Forgive me, but as this is an 'outboard brain', I have to put in stuff that I know I'll eventually get round to, once I get that six-figure, three-year research grant...
So, two pieces on reputation and game theory. Meaning: I'll reciprocate with that guy/gal, if I believe that they'll reciprocate right back. (Game theory is one of those authentic 'play' sciences that I'm perpetually struggling to keep up on). First one from Edge.org, 'A Talk with Karl Sigmund', who wonders:
Reputation is something that is profoundly embedded in our mentality, and we — not just old professors, but everyone — care enormously about it. I have read that the moment when people really get desperate and start running amok is when they feel that they are considered completely worthless in their society. I should stress that we have been talking here essentially about human nature. The more or less official idea that human beings are selfish and rational — an idea that nobody except economists really took seriously, and now even economists say that they never did — this idea has now been totally discredited. There are many experiments that show that spontaneous impulses like the tendency for fairness or acts of sympathy or generosity play a huge role in human life.

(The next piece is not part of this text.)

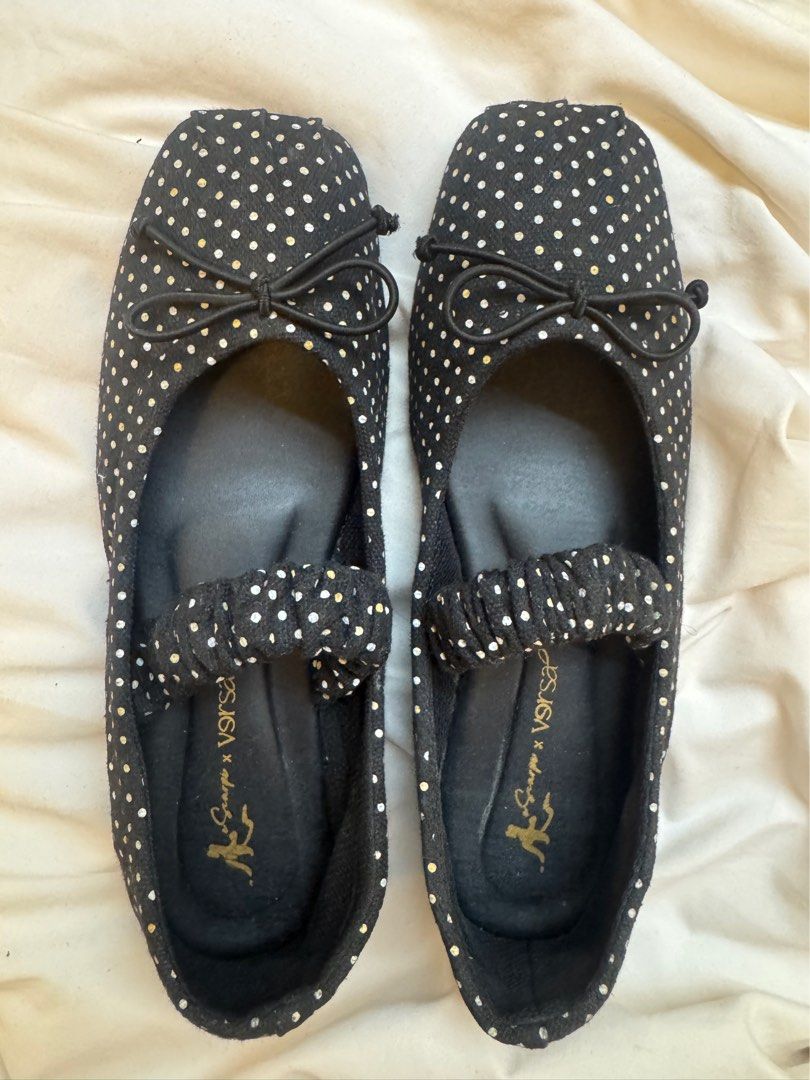 LeScarpe flats (Category: Flats & Sandals) located in Caloocan City. Submitted by charmisokay (Listing ID 1467058813, Image 2). Description: Original price is 1500 Bought in flea Size 6; fits 7 Good as new No inclusions.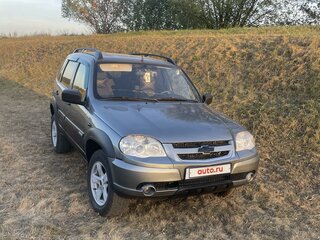 2016 Chevrolet Niva I Рестайлинг, серый, 760000 рублей, вид 1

The second piece, from First Monday, seems to require no maths, and is titled 'Manifesto for the Reputation Society'
Information overload, challenges of evaluating quality, and the opportunity to benefit from experiences of others have spurred the development of reputation systems. Most Internet sites which mediate between large numbers of people use some form of reputation mechanism: Slashdot, eBay, ePinions, Amazon, and Google all make use of collaborative filtering, recommender systems, or shared judgements of quality.

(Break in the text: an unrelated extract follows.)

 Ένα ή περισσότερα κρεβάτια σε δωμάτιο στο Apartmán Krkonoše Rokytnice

But we suggest the potential utility of reputation services is far greater, touching nearly every aspect of society. By leveraging our limited and local human judgement power with collective networked filtering, it is possible to promote an interconnected ecology of socially beneficial reputation systems — to restrain the baser side of human nature, while unleashing positive social changes and enabling the realization of ever higher goals.
And just one tenuous connection with the play theory I know: Herbert Marcuse in Eros and Civilisation, reminding us that play and "dis-play" are both part of human nature - enjoying our ability to project a version of ourselves to others. Is Google and E-bay founding a social architecture on this?